Often it seems as if sales and marketing work for different companies, and often, they wish they did. However grim this may seem, truly effective b2b prospecting can’t be achieved without cooperation.
Our experience is that sales usually follows-up only to 30% to 34% of marketing leads. The stated reason is no confidence.
“Why should I follow-up stuff from Marketing when I have real opportunities to work?”
Here’s our 5-step process for integrating sales and marketing, based on demonstrated trust, and have found it can generate a 100% or more increase in lead follow-up, to an average of 60% – 85%.
Step 1: Define the playground
We need a team to make this happen. Empowered representatives of each department are a leaner, more agile team. Not incidentally, this means fewer personalities to contend with.
This team is tasked with developing ideas, trying them, and defining success.
Step 2: Build good fences
The team must hammer out a Service Level Agreement (SLA), defining the new cooperative relationship between sales and marketing. Some suggestions:
- There are interim measures and resulting measures. Interim measures, such as open rate or contacts may be specific to marketing or sales. Resulting measures, such as lead quality and sales, must be shared.
- The SLA specifies the criteria that defines a lead that is worth sales’ time. Sales gets 2 votes, marketing gets maybe one. Criteria may include:
- Source – where did the lead come from (e.g., referral)
- Need – how important is the product or service to the prospect
- Timing – where are they in the consideration process
- Budget – has one been established
- What are the checkpoints for analysis and dialog?
Step 3: Focus
This isn’t going to work unless we share a clear understanding of the prospect, on two levels:
- Decisions are made by the buying center, which consists of several functions. Who is in it and what is the contribution of each executive?
- These executives are not just functional titles, but people, with often contradictory business and personal drivers.
Create prospect personas for executives important to the buying center. Each is an archetype, with substance, form, and personality. This will unify our vision and understanding of these prospects.
Prospect personas must be based on new external research with current prospects and customers, or we will perpetuate the mythology that divides us.
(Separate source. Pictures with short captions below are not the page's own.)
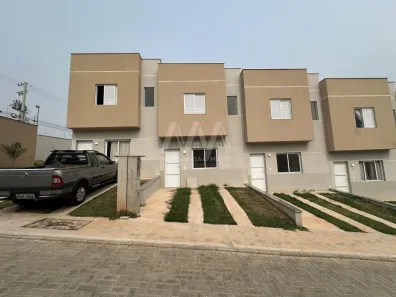 Casa de Condomínio com 2 Quartos à venda, 63m² no Jardim Guarujá, Sorocaba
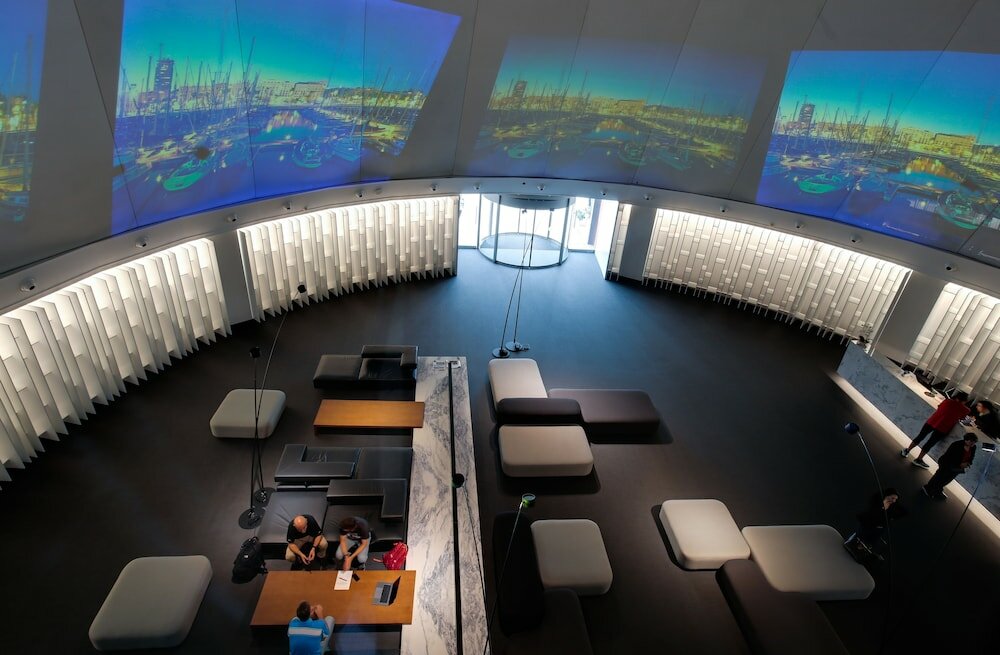 Фото Barcelona Airport Hotel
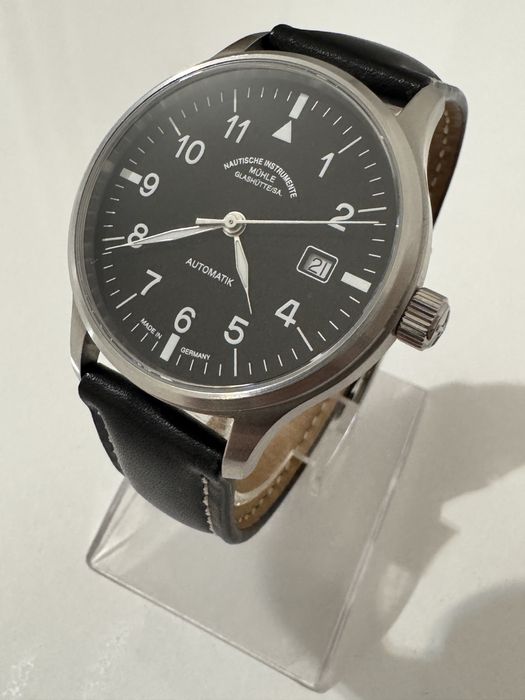 Ceas Muhle Glashutte Automatik Lufthansa, pilot.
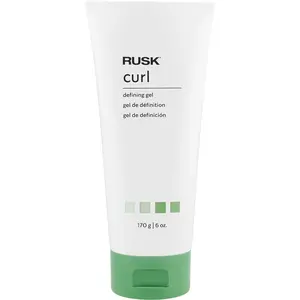 Rusk By Rusk Rusk Curl Defining Gel For Unisex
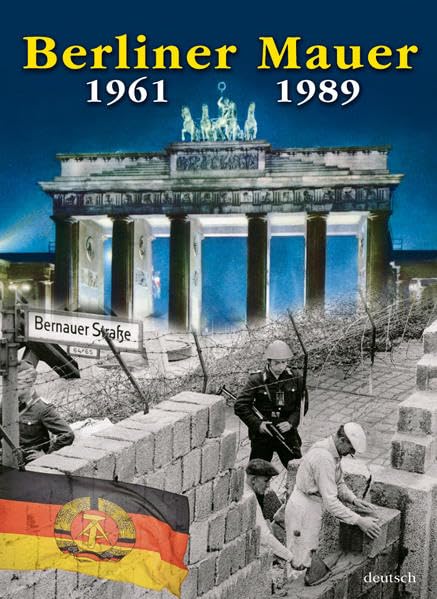 Product Image: Berliner Mauer: 1961-1989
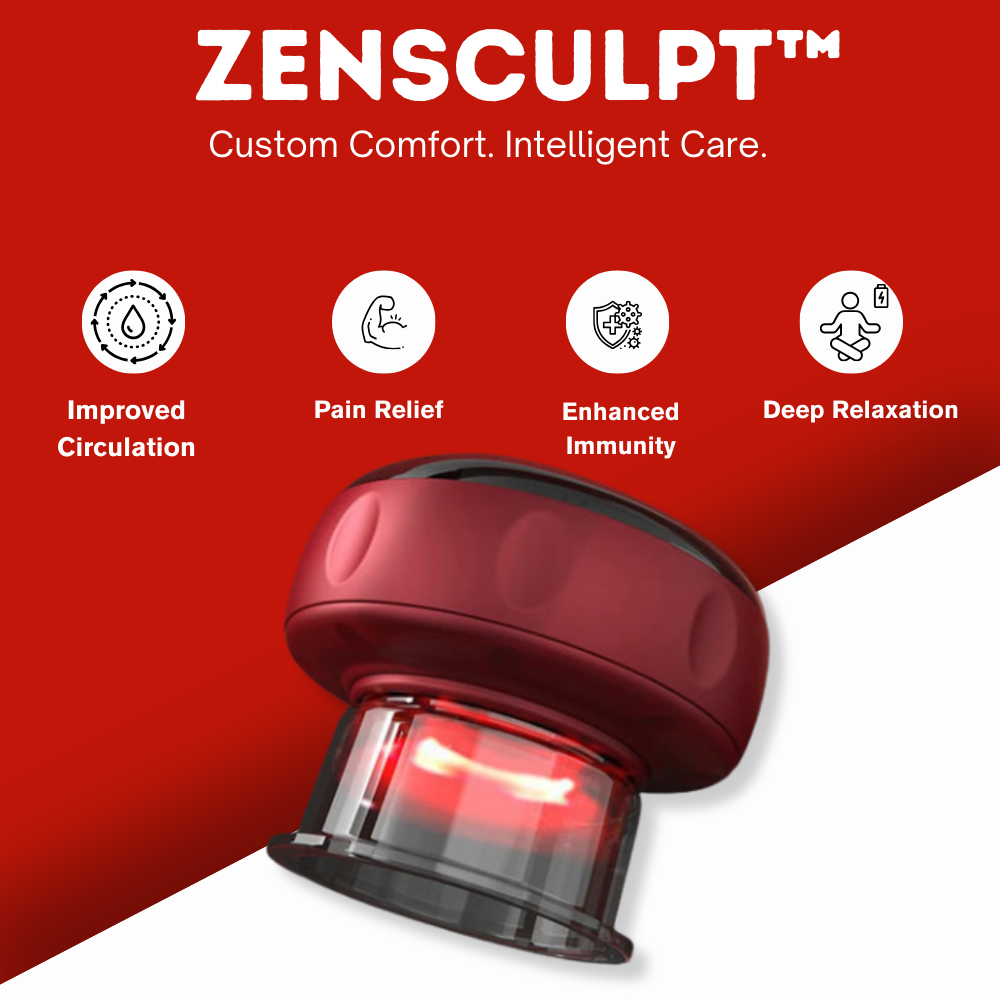 ZenSculpt™ – Relaxation Meets Transformation.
Proprietary research among marketing professionals shows that 77% of effective personas were based on new external research and 72% of ineffective personas were created from existing information.
The research will also generate what we call the Key Prospect Insight (KPI), which provides competitively superior insight into these real people regarding their needs, information behavior, attitudes, and motivations.
Step 4: Walk a mile in their shoes
The consideration path to a b2b purchase recommendation is a conundrum, and may vary by persona. The process maps the journey to help you:
- Identify the most powerful touch points.
- Understand how to maximize value and engagement.
- Align company sales and marketing.
If this map isn’t based on new research with current customers and prospects, we’re kidding ourselves.
Step 5: Go big
It’s time to take this hard work down off the lift and get out on the road. Let’s see where this working relationship is strong and where the components need to be fine-tuned.
Publicize the results, concentrating efforts initially on higher management. Cooperation, where it didn’t exist before, constitutes cultural change, and that does not happen from the bottom up. People will only get on the bus if management is driving.
Then engage the rank and file, and show them three things:
- This was developed based on trust
- It requires continuous improvement
- It generates more leads and more sales.
Interestingly, sales and marketing integration is not hypothetical but is a pain-point for many organizations. What works (or doesn’t) for you?